WHAT YOU WILL DO
All of the records should be given again verbatim.

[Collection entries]

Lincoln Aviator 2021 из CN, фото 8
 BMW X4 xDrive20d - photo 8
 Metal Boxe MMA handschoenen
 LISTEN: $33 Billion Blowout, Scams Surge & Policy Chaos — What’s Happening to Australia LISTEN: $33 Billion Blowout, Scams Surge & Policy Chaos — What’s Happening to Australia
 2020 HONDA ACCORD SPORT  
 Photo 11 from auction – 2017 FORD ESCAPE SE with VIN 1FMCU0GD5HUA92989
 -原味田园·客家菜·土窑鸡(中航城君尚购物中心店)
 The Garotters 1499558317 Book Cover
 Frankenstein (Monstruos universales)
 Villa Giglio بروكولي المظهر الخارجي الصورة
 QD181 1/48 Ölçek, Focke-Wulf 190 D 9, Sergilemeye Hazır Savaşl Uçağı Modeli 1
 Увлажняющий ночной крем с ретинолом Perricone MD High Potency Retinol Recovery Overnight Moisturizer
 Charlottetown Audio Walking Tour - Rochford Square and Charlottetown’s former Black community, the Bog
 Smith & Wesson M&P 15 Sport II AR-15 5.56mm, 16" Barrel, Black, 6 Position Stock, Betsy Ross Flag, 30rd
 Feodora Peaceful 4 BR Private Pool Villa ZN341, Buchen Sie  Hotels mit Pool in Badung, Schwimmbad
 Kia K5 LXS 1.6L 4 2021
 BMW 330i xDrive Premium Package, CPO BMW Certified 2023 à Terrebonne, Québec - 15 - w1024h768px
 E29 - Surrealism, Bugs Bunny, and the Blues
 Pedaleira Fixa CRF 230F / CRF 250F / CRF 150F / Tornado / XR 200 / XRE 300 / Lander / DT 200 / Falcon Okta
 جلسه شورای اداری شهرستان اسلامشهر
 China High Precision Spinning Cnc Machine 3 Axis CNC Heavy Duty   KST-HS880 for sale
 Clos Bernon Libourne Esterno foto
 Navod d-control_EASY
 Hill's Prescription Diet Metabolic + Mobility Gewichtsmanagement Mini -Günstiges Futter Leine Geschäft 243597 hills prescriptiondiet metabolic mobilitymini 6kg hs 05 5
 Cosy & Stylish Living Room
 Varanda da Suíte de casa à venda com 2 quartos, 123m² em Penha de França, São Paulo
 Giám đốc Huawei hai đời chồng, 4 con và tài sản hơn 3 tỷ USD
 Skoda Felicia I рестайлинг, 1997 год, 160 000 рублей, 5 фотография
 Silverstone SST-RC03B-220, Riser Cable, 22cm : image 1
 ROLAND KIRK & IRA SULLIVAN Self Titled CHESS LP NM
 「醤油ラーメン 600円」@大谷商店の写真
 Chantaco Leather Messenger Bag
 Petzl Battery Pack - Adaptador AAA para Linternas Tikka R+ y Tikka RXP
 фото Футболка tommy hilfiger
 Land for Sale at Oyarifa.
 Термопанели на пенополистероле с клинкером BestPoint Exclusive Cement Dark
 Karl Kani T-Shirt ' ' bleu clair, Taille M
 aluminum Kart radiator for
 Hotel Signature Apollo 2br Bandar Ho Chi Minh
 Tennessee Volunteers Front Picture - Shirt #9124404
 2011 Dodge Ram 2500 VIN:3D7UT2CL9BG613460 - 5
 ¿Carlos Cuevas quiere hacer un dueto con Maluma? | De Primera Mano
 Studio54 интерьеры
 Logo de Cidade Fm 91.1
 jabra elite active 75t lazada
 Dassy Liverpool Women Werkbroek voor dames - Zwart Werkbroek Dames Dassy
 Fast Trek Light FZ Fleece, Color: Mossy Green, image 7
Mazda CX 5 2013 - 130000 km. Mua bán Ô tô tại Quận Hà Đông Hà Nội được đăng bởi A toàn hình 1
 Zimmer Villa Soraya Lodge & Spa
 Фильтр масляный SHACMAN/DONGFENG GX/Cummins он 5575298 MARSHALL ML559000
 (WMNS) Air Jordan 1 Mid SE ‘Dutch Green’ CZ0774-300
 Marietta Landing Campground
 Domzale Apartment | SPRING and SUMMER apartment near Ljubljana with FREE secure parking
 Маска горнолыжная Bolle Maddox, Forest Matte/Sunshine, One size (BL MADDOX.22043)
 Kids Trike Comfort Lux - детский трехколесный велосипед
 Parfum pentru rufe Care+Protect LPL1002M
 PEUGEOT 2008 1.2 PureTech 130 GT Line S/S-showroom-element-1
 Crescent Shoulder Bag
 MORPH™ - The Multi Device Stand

ANSWER FOR THIS EXERCISE
Lincoln Aviator 2021 из CN, фото 8
 BMW X4 xDrive20d - photo 8
 Metal Boxe MMA handschoenen
 LISTEN: $33 Billion Blowout, Scams Surge & Policy Chaos — What’s Happening to Australia LISTEN: $33 Billion Blowout, Scams Surge & Policy Chaos — What’s Happening to Australia
 2020 HONDA ACCORD SPORT  
 Photo 11 from auction – 2017 FORD ESCAPE SE with VIN 1FMCU0GD5HUA92989
 -原味田园·客家菜·土窑鸡(中航城君尚购物中心店)
 The Garotters 1499558317 Book Cover
 Frankenstein (Monstruos universales)
 Villa Giglio بروكولي المظهر الخارجي الصورة
 QD181 1/48 Ölçek, Focke-Wulf 190 D 9, Sergilemeye Hazır Savaşl Uçağı Modeli 1
 Увлажняющий ночной крем с ретинолом Perricone MD High Potency Retinol Recovery Overnight Moisturizer
 Charlottetown Audio Walking Tour - Rochford Square and Charlottetown’s former Black community, the Bog
 Smith & Wesson M&P 15 Sport II AR-15 5.56mm, 16" Barrel, Black, 6 Position Stock, Betsy Ross Flag, 30rd
 Feodora Peaceful 4 BR Private Pool Villa ZN341, Buchen Sie  Hotels mit Pool in Badung, Schwimmbad
 Kia K5 LXS 1.6L 4 2021
 BMW 330i xDrive Premium Package, CPO BMW Certified 2023 à Terrebonne, Québec - 15 - w1024h768px
 E29 - Surrealism, Bugs Bunny, and the Blues
 Pedaleira Fixa CRF 230F / CRF 250F / CRF 150F / Tornado / XR 200 / XRE 300 / Lander / DT 200 / Falcon Okta
 جلسه شورای اداری شهرستان اسلامشهر
 China High Precision Spinning Cnc Machine 3 Axis CNC Heavy Duty   KST-HS880 for sale
 Clos Bernon Libourne Esterno foto
 Navod d-control_EASY
 Hill's Prescription Diet Metabolic + Mobility Gewichtsmanagement Mini -Günstiges Futter Leine Geschäft 243597 hills prescriptiondiet metabolic mobilitymini 6kg hs 05 5
 Cosy & Stylish Living Room
 Varanda da Suíte de casa à venda com 2 quartos, 123m² em Penha de França, São Paulo
 Giám đốc Huawei hai đời chồng, 4 con và tài sản hơn 3 tỷ USD
 Skoda Felicia I рестайлинг, 1997 год, 160 000 рублей, 5 фотография
 Silverstone SST-RC03B-220, Riser Cable, 22cm : image 1
 ROLAND KIRK & IRA SULLIVAN Self Titled CHESS LP NM
 「醤油ラーメン 600円」@大谷商店の写真
 Chantaco Leather Messenger Bag
 Petzl Battery Pack - Adaptador AAA para Linternas Tikka R+ y Tikka RXP
 фото Футболка tommy hilfiger
 Land for Sale at Oyarifa.
 Термопанели на пенополистероле с клинкером BestPoint Exclusive Cement Dark
 Karl Kani T-Shirt ' ' bleu clair, Taille M
 aluminum Kart radiator for
 Hotel Signature Apollo 2br Bandar Ho Chi Minh
 Tennessee Volunteers Front Picture - Shirt #9124404
 2011 Dodge Ram 2500 VIN:3D7UT2CL9BG613460 - 5
 ¿Carlos Cuevas quiere hacer un dueto con Maluma? | De Primera Mano
 Studio54 интерьеры
 Logo de Cidade Fm 91.1
 jabra elite active 75t lazada
 Dassy Liverpool Women Werkbroek voor dames - Zwart Werkbroek Dames Dassy
 Fast Trek Light FZ Fleece, Color: Mossy Green, image 7
Mazda CX 5 2013 - 130000 km. Mua bán Ô tô tại Quận Hà Đông Hà Nội được đăng bởi A toàn hình 1
 Zimmer Villa Soraya Lodge & Spa
 Фильтр масляный SHACMAN/DONGFENG GX/Cummins он 5575298 MARSHALL ML559000
 (WMNS) Air Jordan 1 Mid SE ‘Dutch Green’ CZ0774-300
 Marietta Landing Campground
 Domzale Apartment | SPRING and SUMMER apartment near Ljubljana with FREE secure parking
 Маска горнолыжная Bolle Maddox, Forest Matte/Sunshine, One size (BL MADDOX.22043)
 Kids Trike Comfort Lux - детский трехколесный велосипед
 Parfum pentru rufe Care+Protect LPL1002M
 PEUGEOT 2008 1.2 PureTech 130 GT Line S/S-showroom-element-1
 Crescent Shoulder Bag
 MORPH™ - The Multi Device Stand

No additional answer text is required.